The Federal Election Commission, throttled of late by Chinese hackers and staffing shortages, would receive $67.5 million during fiscal year 2015, according to Obama's plan.

That's $500,000 less than the FEC formally requested. It's also millions of dollars less than the agency needs to fill numerous job vacancies and return to last decade's staffing levels, and to clear an estimated 2.1 million-page backlog of unprocessed campaign filings.

The White House's budget proposal pretends to fill the shortfall between the FEC's request and the budget proposal with $430,000 in savings from members of the U.S. Senate electronically filing their campaign finance reports. The Senate, however, shows little sign that it intends to ditch paper for pixels anytime soon.

Even with its requested $68 million — an 3.3 percent increase over the $65.8 million it's receiving in the current fiscal year — the FEC "anticipates significant budgetary challenges" in the months ahead.

"[D]ue to recent funding restrictions, the Commission may now make only the most critical of hires," the FEC wrote the White House's Office of Management and Budget in September, noting it's slashed its staff by 8 percent this decade and filled just six of 21 vacant positions. "These sustained reductions significantly impair the agency's efforts to manage its human capital and ensure that it can hire and retain top performers who deliver the FEC's mission efficiently and effectively."

Among the FEC's most pressing challenges is securing its computer networks. In October, hackers successfully infiltrated its systems and crashed its databases, the Center for Public Integrity reported.

An independent audit declared the FEC at "high risk" of additional attacks, and leaders of two congressional committees say they're investigating its security situation.

The agency is responsible for monitoring and making public the election activities of more than 10,000 political committees and other election season actors this year.  The 2014 midterms are all but assured to be the nation's most expensive ever, meaning the crush of paperwork FEC staffers must process will be greater than ever for a comparable election cycle.

Obama's budget proposal is just the first step in the protracted process of funding the federal government. Congress could yet increase — or decrease — the FEC's allotment for fiscal year 2015 before Obama signs off on a final budget deal.

Earlier this year, Lee Goodman, the FEC's newly installed chairman and a Republican appointee, said the agency's current funding allows it to "address its most pressing priorities." But he stopped short of saying it would allow the FEC to address longer-term challenges.
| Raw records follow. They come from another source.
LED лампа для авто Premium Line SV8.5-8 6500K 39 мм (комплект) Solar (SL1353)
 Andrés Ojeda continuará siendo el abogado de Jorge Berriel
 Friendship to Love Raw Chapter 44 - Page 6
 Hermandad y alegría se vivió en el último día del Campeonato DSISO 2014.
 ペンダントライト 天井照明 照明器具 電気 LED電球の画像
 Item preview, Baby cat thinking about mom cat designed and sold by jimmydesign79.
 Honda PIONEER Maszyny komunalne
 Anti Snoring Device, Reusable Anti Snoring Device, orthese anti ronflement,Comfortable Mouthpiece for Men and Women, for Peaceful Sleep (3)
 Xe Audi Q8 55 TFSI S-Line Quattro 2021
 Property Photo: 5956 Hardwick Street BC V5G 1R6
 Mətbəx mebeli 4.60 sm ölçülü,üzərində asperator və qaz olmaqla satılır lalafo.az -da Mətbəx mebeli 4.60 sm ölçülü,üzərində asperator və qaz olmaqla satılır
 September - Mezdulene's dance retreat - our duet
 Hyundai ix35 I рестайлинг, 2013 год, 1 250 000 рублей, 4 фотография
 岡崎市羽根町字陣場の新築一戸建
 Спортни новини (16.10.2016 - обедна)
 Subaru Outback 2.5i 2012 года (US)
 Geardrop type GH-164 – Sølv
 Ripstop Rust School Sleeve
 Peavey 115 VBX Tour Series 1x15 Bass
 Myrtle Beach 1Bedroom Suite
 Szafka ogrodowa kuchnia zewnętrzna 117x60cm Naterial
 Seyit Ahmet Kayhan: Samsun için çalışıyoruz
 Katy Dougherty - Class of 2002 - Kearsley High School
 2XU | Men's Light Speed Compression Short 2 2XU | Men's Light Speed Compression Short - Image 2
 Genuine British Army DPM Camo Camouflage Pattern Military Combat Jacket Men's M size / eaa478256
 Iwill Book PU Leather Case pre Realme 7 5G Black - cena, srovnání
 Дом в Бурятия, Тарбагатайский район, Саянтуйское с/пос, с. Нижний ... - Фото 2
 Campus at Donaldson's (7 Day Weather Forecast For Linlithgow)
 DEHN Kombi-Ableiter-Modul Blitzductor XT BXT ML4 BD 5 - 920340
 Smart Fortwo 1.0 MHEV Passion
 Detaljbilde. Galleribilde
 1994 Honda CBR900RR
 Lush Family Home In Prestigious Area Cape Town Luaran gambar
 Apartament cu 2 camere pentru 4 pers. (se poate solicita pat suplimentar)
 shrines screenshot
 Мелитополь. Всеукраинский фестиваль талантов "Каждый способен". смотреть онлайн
The president's fiscal 2015 budget proposal also calls for cuts to the budget of the increasingly idled Election Assistance Commission.

This commission, which is supposed to help ensure the integrity of federal elections and voting systems, is slated to receive $10 million next fiscal year. That's down from the more than $11 million this year and the nearly $18 million it got during Obama's first term.

Some Republicans want to disband the Election Assistance Commission altogether.